Juventus più forte della sfortuna


Non basta neanche la sfortuna a fermare la corsa allo Scudetto della Juventus.

La squadra della Guarino, in un primo tempo dominato, ha colpito ben tre legni, due traverse ed un palo. Così quando al 45esimo la gara segnava sul tabellino il risultato di parità a reti inviolate, chissà quante delle avversarie della Serie A abbiano fatto un sorriso sperando nel miracolo del Verona.

Niente da fare, nei minuti di recupero concessi, ci ha dovuto pensare la Hyyrynen a rompere la maledizione. Ci voleva infatti un gol “strano” (primo gol in campionato per l’esterna difensiva) per sbloccare questa gara che appariva davvero complicata.

Nella ripresa è poi venuta fuori la Juventus. La vera Juventus, quella che in Italia appare assolutamente imbattibile. 

Così se una persona non avesse visto la partita potrebbe pensare al classico monologo Juventus. Invece nella prima frazione, seppur dominata dalle bianconere, l’Hellas aveva provato a resistere stando molto strette e con un 4-5-1 molto difensivo.

L’obiettivo per le calciatrici di Pachera era ovviamente il pareggio. Proprio per questo motivo una volta subita la doccia fredda a pochi istanti dal termine del primo tempo, le gialloblù nella ripresa non sono più riuscite a resistere ma si sono sciolte sotto gli affondi delle avversarie.

La cronaca racconta come detto di un primo tempo a senso unico dove prima Zamanian, poi Bonansea e Caruso, cercano di forare la difesa avversaria. Attenta a non subire inserimenti centrali ed ad allontanare il pallone appena il pericolo si faceva più vicino.

Forcinella, una buona gara comunque per lei, deve ringraziare la sua porta per averla salvata in tre occasioni dove appariva sempre battuta.

Le sue compagne in attacco non hanno mai impensierito il reparto arretrato della Juventus e i guanti della Giuliani sono rimasti praticamente inutilizzati per tutti i 95 minuti di gioco, recuperi compresi.

Il gol però arriva al 47′ quando Bonansea, che sta tornando sui suoi livelli, salta Mella alza la testa per vedere dove mettere il pallone e lo appoggia alla accorrente Hyyrynen che aveva seguito l’azione offensiva della sua squadra. Destro vincente e Juve avanti con il respiro di sollievo della Guarino che non era certamente contenta della prima metà di gara.

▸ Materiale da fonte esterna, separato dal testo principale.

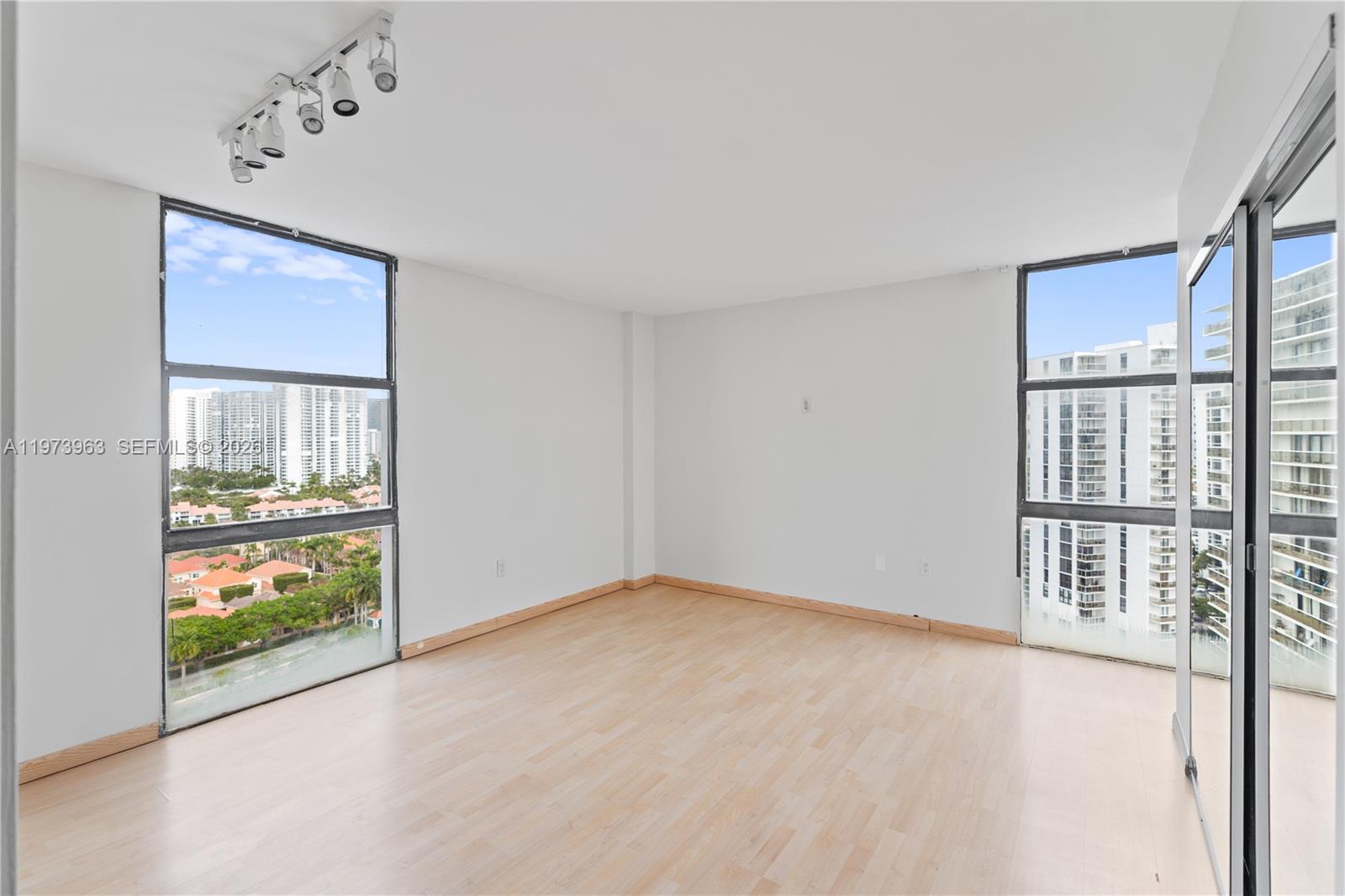 Photo of 3675 Country Club Dr  #1803, Aventura, Florida, 33180 -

Nella ripresa l’obiettivo 0 a 0 delle veronesi, venuto meno, ha fatto dilagare le avversarie che passano prima con Girelli (16 gol in 16 gare per lei, sempre più capocannoniera del nostro campionato) dopo un paio di errori della stessa.

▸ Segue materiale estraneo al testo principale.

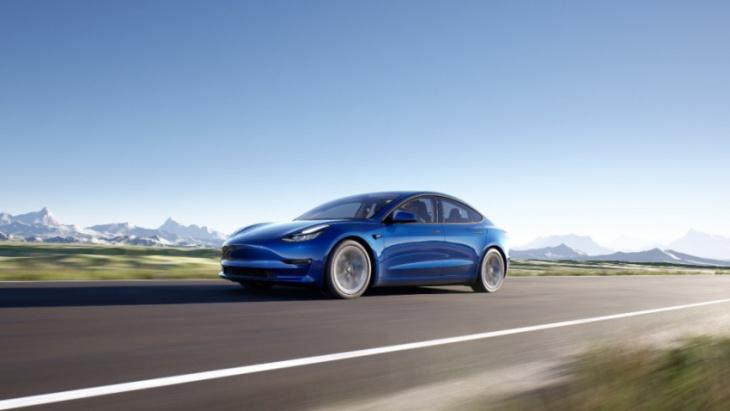 eight new electric vehicles with the most range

La 10 delle bianconere da angolo studia il piazzamento delle avversarie che difendono a zona e si va a posizionare vicino alla Ledri, più bassa di lei, potendo quindi colpire indisturbata di testa.

A 10 minuti dalla fine è la Pedersen a togliersi la soddisfazione del gol ribattendo a rete una palla che era stata in prima battuta salvata dalla Zanoletti.

Chiuderà il poker la Staskova, sempre pericolosissima a gara in corso, che segna in tap in dopo che la Forcinella aveva intercettato la sua prima deviazione.

Nel mezzo la “guerra” sportiva tra la Bonansea e la Forcinella che vede uscire vincente l’estremo difensore del Verona con BB11 che non trova la via della gioia personale. Ci sarà tempo, questa Bonansea è una gioia per la Juve e per la Nazionale che affronterà il Torneo dell’Algarve.

L’Hellas adesso deve realmente guardarsi le spalle sperando che domani il Tavagnacco, al quale è stato restituito il punto di penalizzazione, non riesca a fare punti. Con la Pink Bari che muove la sua classifica pareggiando a Milano con l’Inter, i punti di vantaggio sulla zona retrocessione sono solo 3.

Non molti per dormire sogni tranquilli. Il periodo di pausa della Nazionale sarà fondamentale per lavorare e ridare fiducia ad un gruppo che non sembra averne molta. Rigenerando soprattutto il talento di Glionna, assolutamente irriconoscibile.

La Juve invece continua a mandare segnali alle inseguitrici. Finchè noi vinciamo potete fare quello che volete, saremmo noi ad alzare nuovamente il tricolore.

Anche il fatto che domani la sfida tra Milan e Fiorentina potrebbe dare loro una rivale “diretta” non sembra assolutamente turbare il sonno delle bianconere.

E come potrebbe essere, questa Juve è più forte della sfortuna.